* _LISTED ENTRIES_
--------
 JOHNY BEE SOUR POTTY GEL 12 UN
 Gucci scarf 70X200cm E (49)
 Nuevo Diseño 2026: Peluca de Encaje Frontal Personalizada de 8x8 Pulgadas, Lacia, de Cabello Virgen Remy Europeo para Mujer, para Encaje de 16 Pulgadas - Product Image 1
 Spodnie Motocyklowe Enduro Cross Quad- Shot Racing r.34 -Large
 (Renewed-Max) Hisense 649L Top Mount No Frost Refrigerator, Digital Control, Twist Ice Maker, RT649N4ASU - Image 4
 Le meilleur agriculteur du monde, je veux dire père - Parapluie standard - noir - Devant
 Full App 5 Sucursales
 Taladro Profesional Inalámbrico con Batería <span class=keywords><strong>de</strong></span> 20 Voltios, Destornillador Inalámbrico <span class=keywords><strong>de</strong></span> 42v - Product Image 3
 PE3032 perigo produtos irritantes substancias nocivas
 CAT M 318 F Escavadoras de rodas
--------
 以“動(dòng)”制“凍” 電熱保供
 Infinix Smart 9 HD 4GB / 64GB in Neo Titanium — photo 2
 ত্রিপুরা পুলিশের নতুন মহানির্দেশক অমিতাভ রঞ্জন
--------
* _WHAT THE EXERCISE ASKS_
Start with the line above that contains "Full App 5 Sucursales" and end with the line that contains "CAT M 318 F Escavadoras de rodas". Write out those lines exactly, and only those.

* _SOLUTION TO THE EXERCISE_
 Full App 5 Sucursales
 Taladro Profesional Inalámbrico con Batería <span class=keywords><strong>de</strong></span> 20 Voltios, Destornillador Inalámbrico <span class=keywords><strong>de</strong></span> 42v - Product Image 3
 PE3032 perigo produtos irritantes substancias nocivas
 CAT M 318 F Escavadoras de rodas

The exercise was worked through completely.